I was just reminded about this yet again by a schoolteacher I met on the bus. My 4th grade teacher managed to get my scientist Dad's hackles up periodically from misinformation she taught us in her science class. It was mostly little things, like when I answered a class question that a "lightyear" is a unit of distance, and she wrongly insisted it's a unit of time. But the thing that really pushed Dad over the edge was when we received a new issue of our Weekly Reader one spring day, and in the science section was a blurb telling us about the Equinox Egg Effect. You may have heard of this myth, it’s a strange one that has snuck into all sorts of funny places to be described as a scientific fact. Well, so our teacher thought this would make a neat class project.

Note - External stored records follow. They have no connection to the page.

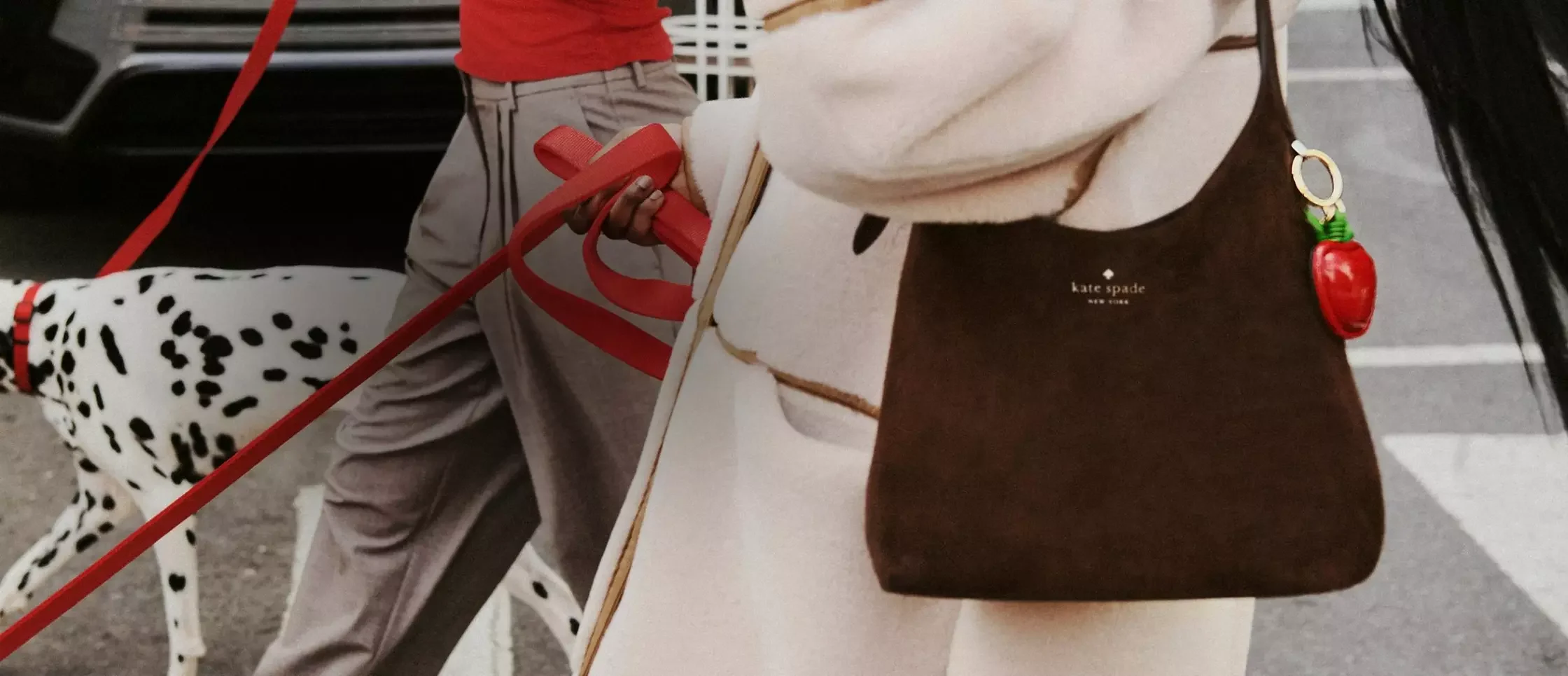 Close-up of a person holding a Kate Spade brown handbag with a chili pepper-shaped keychain, with another person in gray pants and a Dalmatian dog nearby.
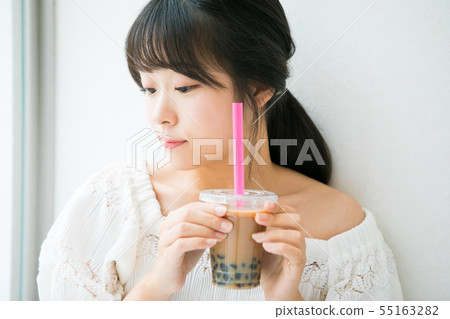 Tapioca milk tea and young girl Tapioca milk tea and young girl 55163282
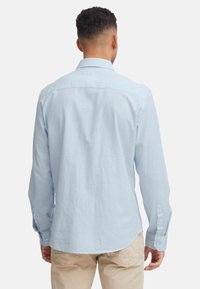 Hellblaues Langarmhemd aus Baumwolle, lässige Passform, mit Knopfmanschetten, Rückenfalten, abgerundeter Saum, glatte Textur.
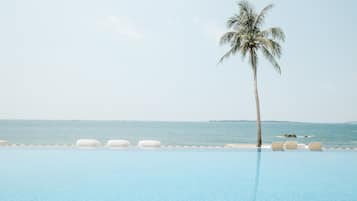 A clear blue infinity pool with white lounge chairs and a palm tree, overlooking the sea.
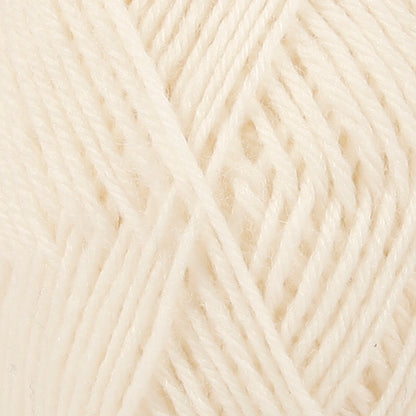 Close up of off white wool yarn from Drops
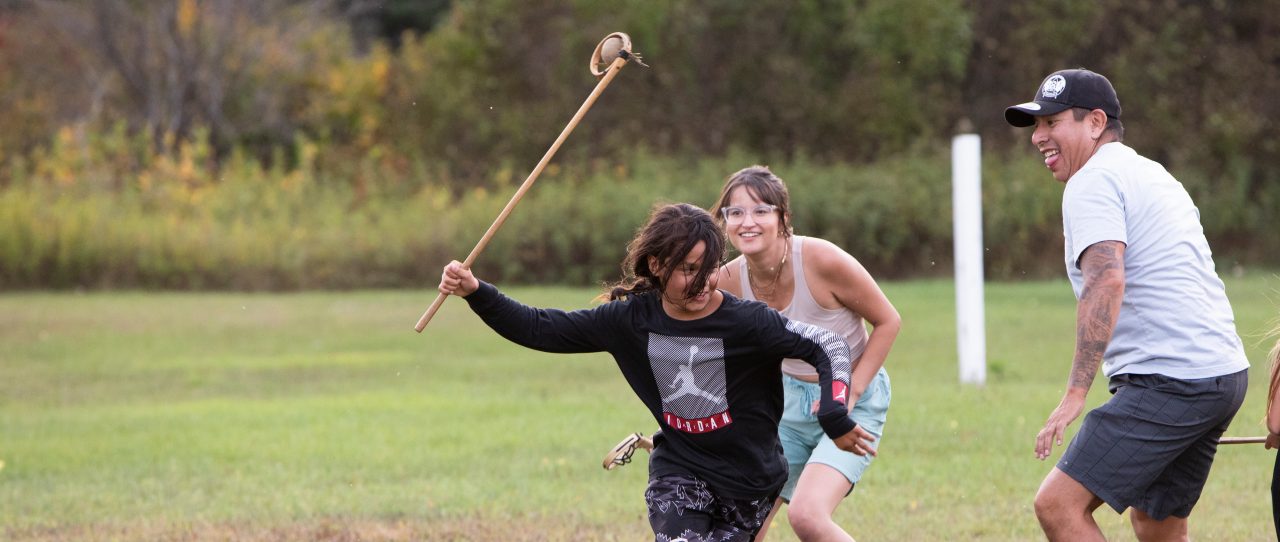 A group of people running on a field with large sticks in their hands.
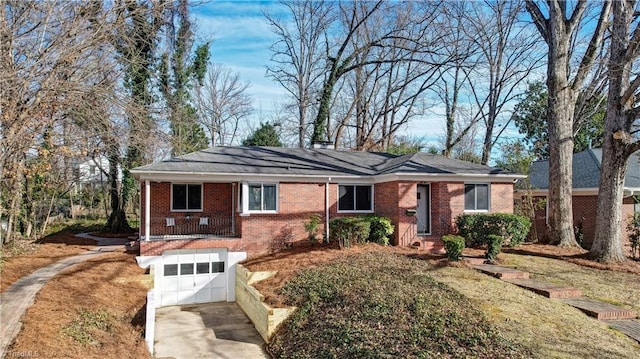 ranch-style house with a front lawn and a garage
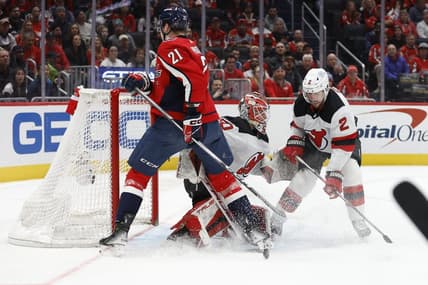 Jan 3, 2024; Washington, District of Columbia, USA; New Jersey Devils goaltender Nico Daws (50) makes a save in front of Washington Capitals center Aliaksei Protas (21) and Devils defenseman Brendan Smith (2) in the first period at Capital One Arena. Mandatory Credit: Geoff Burke-USA TODAY Sports
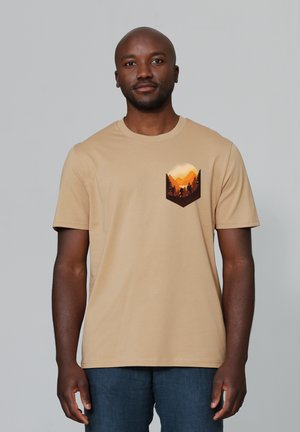 Tan cotton t-shirt with a round neckline, featuring a graphic of mountains and trees in warm colors on the chest pocket. Short sleeves.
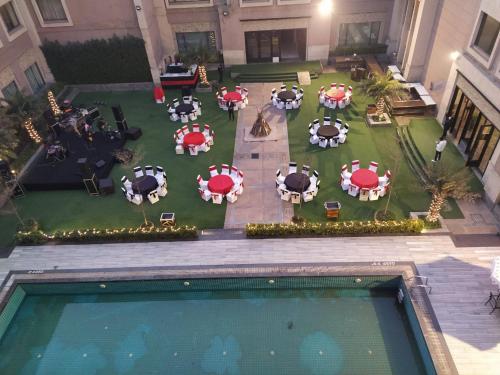 an overhead view of a patio with tables and umbrellas at Tivoli Garden Resort in New Delhi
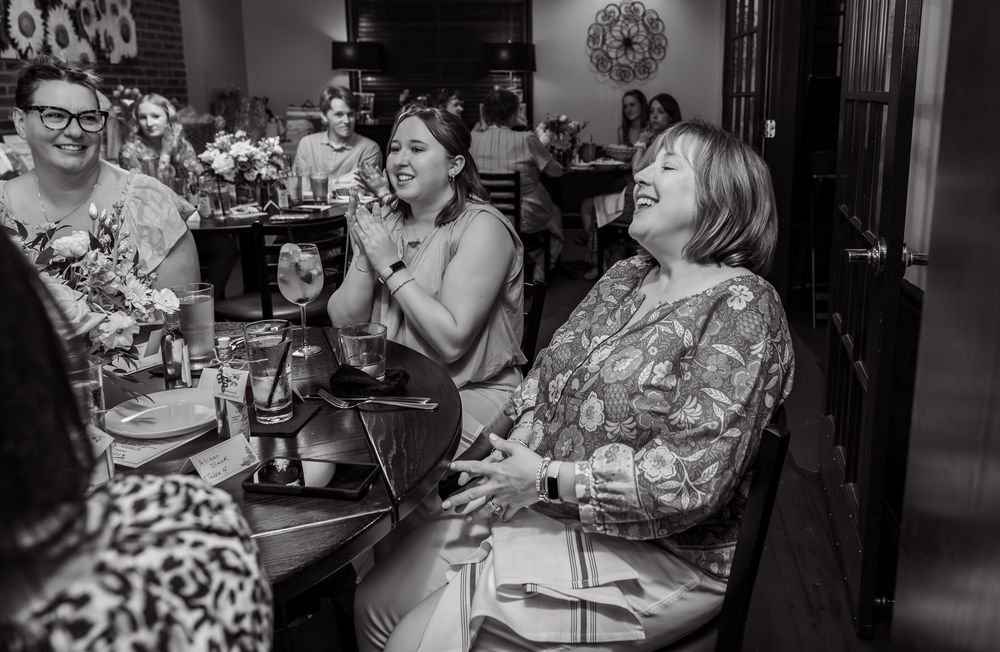 Black and white photos of guests celebrating at a bridal shower event.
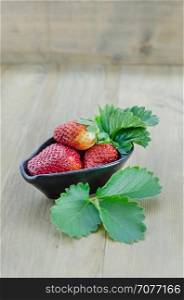 fresh strawberry fruits . fresh strawberry fruits in black bowl with green leaves over wooden background
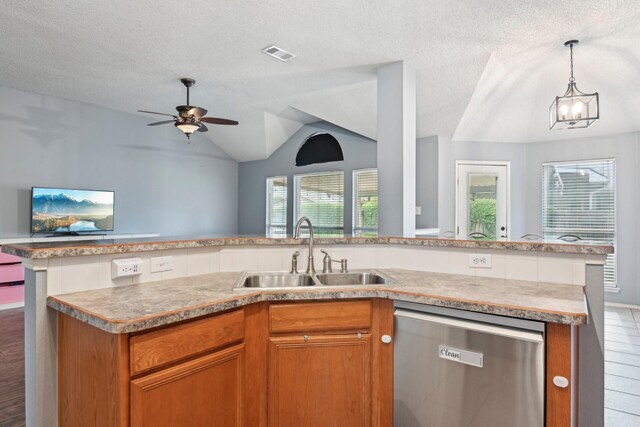5729 Brazos Dr, Haltom City, TX 76137 - kitchen with dishwasher, a sink, open floor plan, light countertops, and brown cabinets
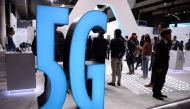 A 5G sign is displayed at a stand at the Mobile World Congress (MWC) in Barcelona on February 25, 2019. AFP / Josep Lago 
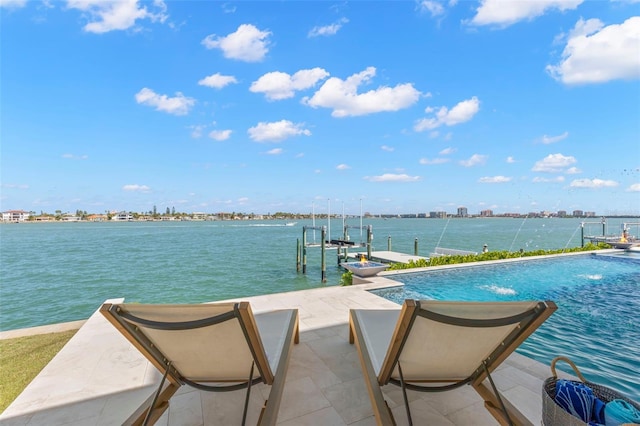 view of swimming pool with pool water feature, a boat dock, and a water view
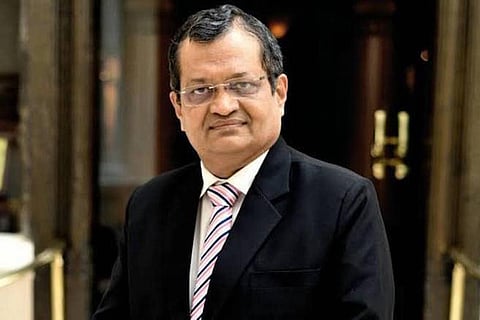 Man posing in glasses and a suit 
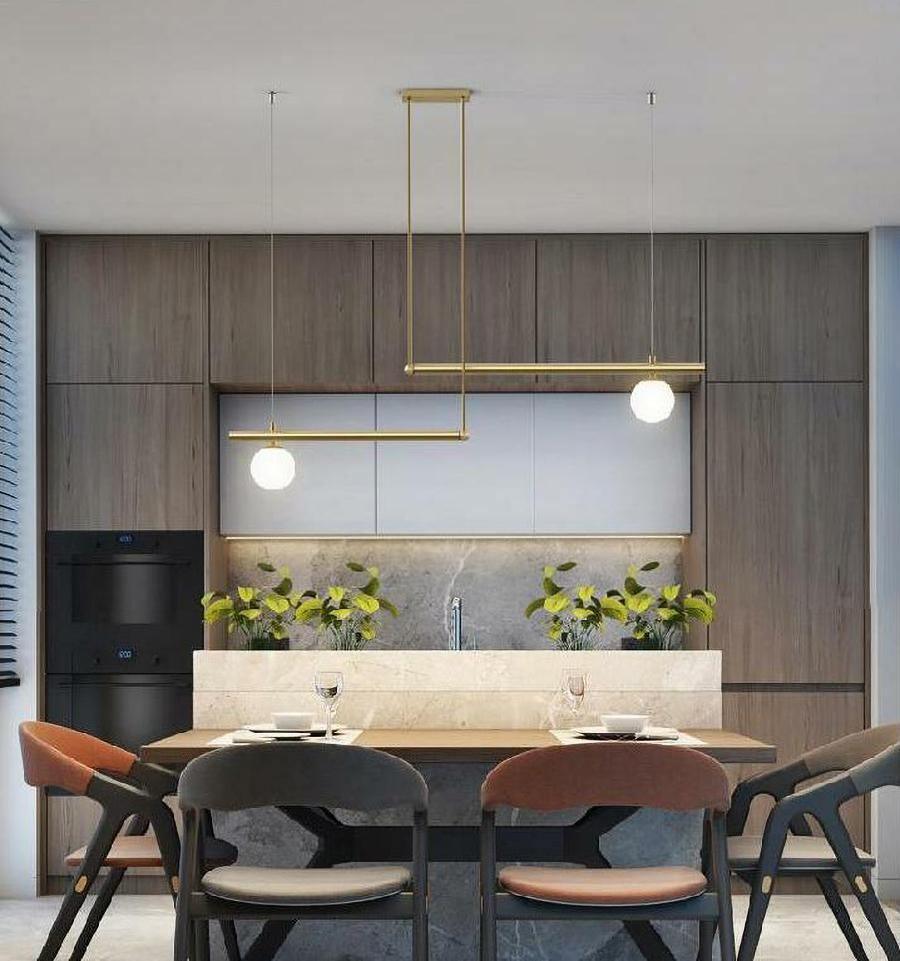 Clérachic gold pendant with two offset bars and two glowing globes in a dark timber kitchen, above a dining table.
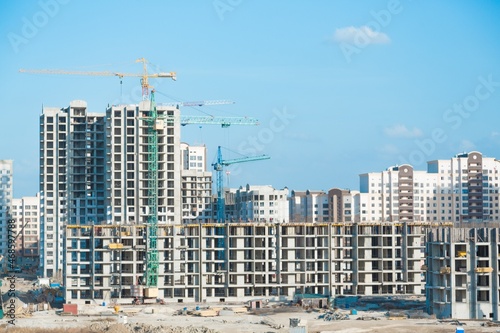 Lots of tower Construction site with cranes and building with blue sky background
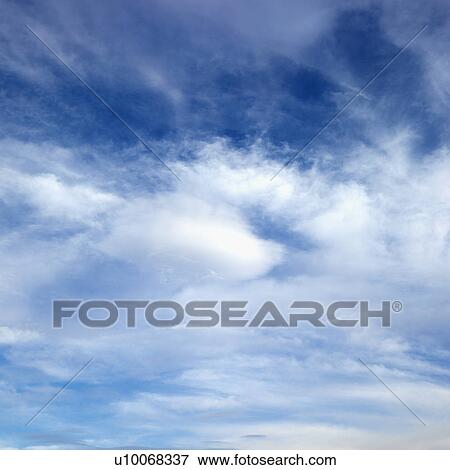 Wispy cloud formations against clear blue sky. View Large Photo Image Stock Photo - Wispy cloud formations against clear blue sky.. Fotosearch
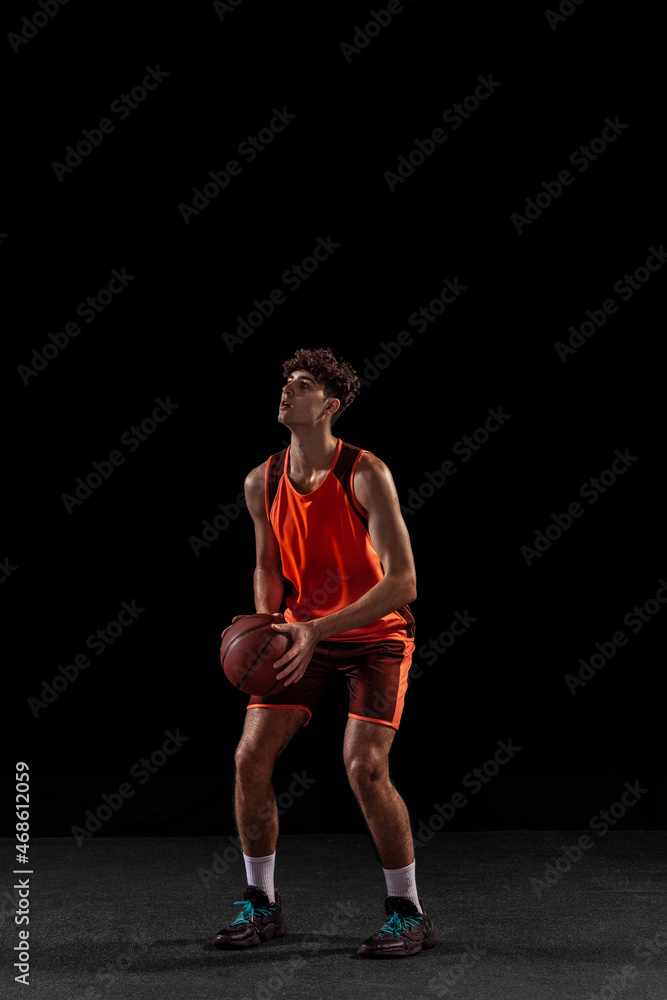 Full length portrait of basketball player training isolated on dark studio background. Tall muscular athlete jumping with ball. Full length portrait of basketball player training isolated on dark studio background. Tall muscular athlete jumping with ball.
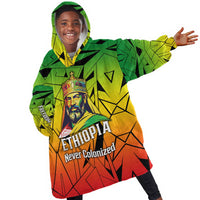 Menelik II Kid Wearable Blanket Hoodie with Crowned Portrait, Ethiopia Never Colonized Text and Pan-African Abstract - Wonder Print Shop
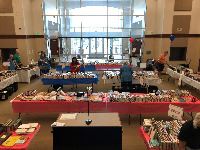 A room full of used books on tables
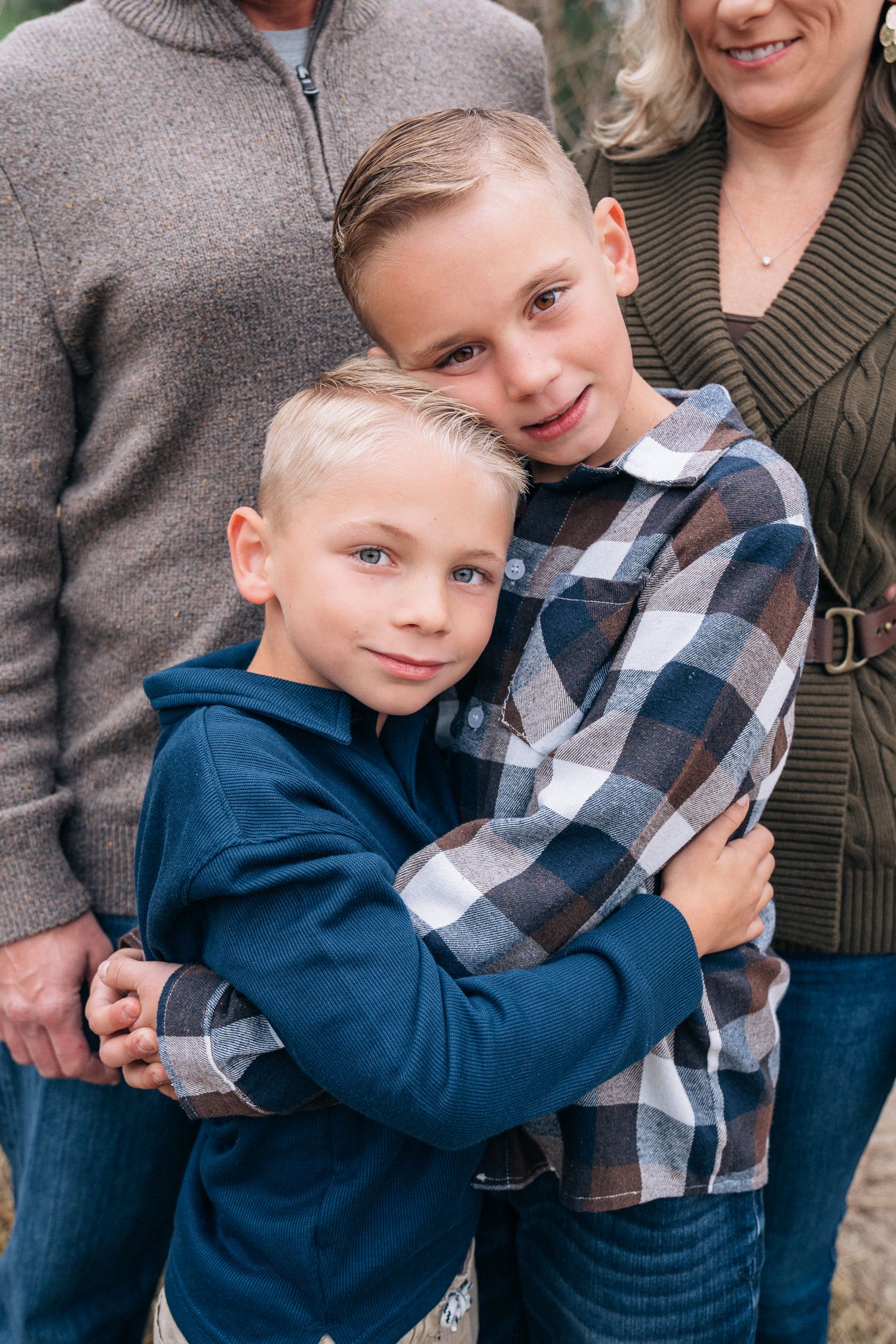 Siblings share warm embrace wearing blue and plaid clothing in heartfelt candid photo series.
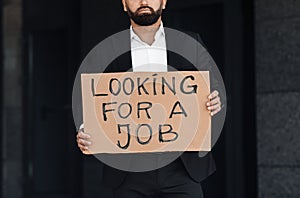 Male office worker in suit holding cardboard sign written looking for a job text, standing outside business center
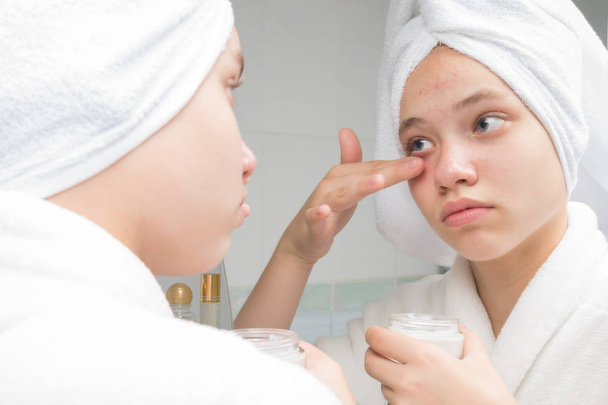 girl stands in front of a mirror in the bathroom and spreads face cream - Фото, изображение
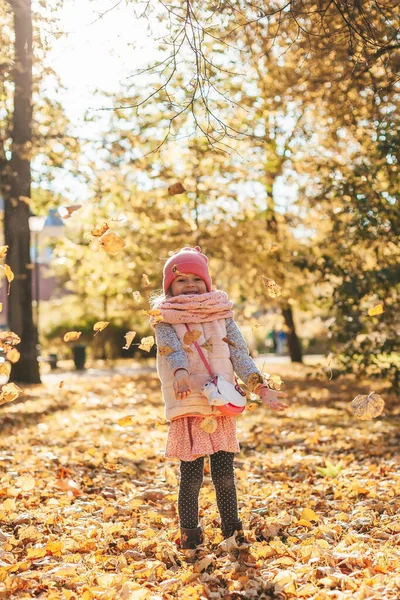 Smiling Cute Little Girl Throwing Autumn Maple Leaves Playing Sunny — Stock Photo, Image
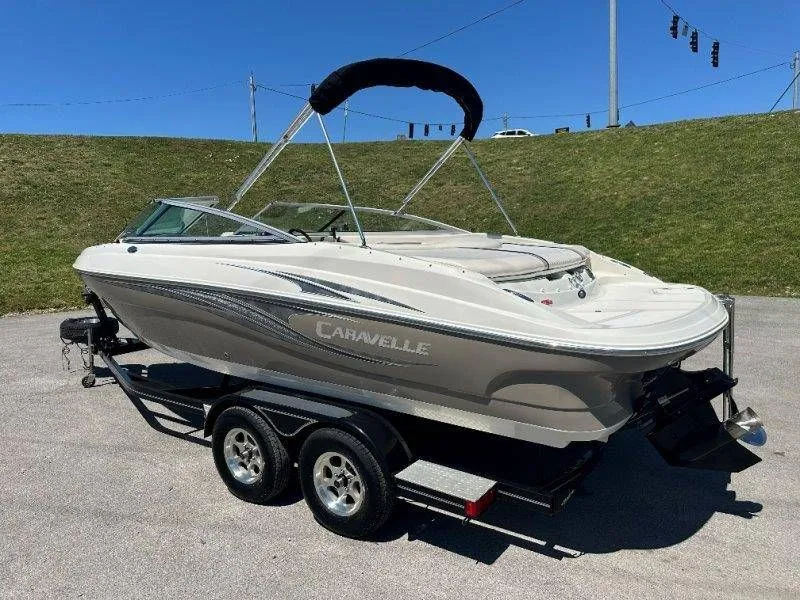 Slide: The Image of 2009 Caravelle 237 boat on trailer, sunny day. - 14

The Equinox Egg Effect myth says that at the exact moment of the vernal equinox in the spring, you can balance an egg perfectly on its end without it falling over. The vernal equinox is the time of year when the tilted axis of Earth’s rotation is facing 90 degrees away from the Sun. Equinoxes happen twice a year actually, the other time being the autumnal equinox. The equinoxes fall halfway between the summer and winter solstices, which are the dates when the Earth’s tilted axis points directly toward or away from the Sun. In the US is the solstices and equinoxes are chosen as the beginnings of the seasons, but that’s only a matter of convention. Perhaps the most familiar example to us of a different convention is the “midsummer’s night” of Shakespearean fame, which was another name for the summer solstice. There’s nothing particularly scientifically interesting about these dates, outside of the fact that at that time the days and nights are equally 12 hours long. Anyway, popular explanations as to why an egg should stand on its end at the exact moment of the vernal equinox are usually very vague, and generally cite something about gravity from the Sun being somehow momentarily stronger or more directed during the equinox. The Earth’s orbit about the Sun is in fact an ellipse, so that at one time of year called “perihelion” the Earth is closest to the Sun and another time of year called “aphelion” it is farthest. But the perihelion is not at the same time as the equinox, and while minor tidal differences are noticeable between perihelion and aphelion – the difference in closeness to the Sun does make for a slight difference in the gravitational pull of the Sun – there’s no reason that this different gravitational pull would make an egg stand up on your table. In addition, the equinox egg effect is generally only suggested to happen at the vernal equinox, and the autumnal equinox is never mentioned in spite of its exactly analogous orbital arrangement.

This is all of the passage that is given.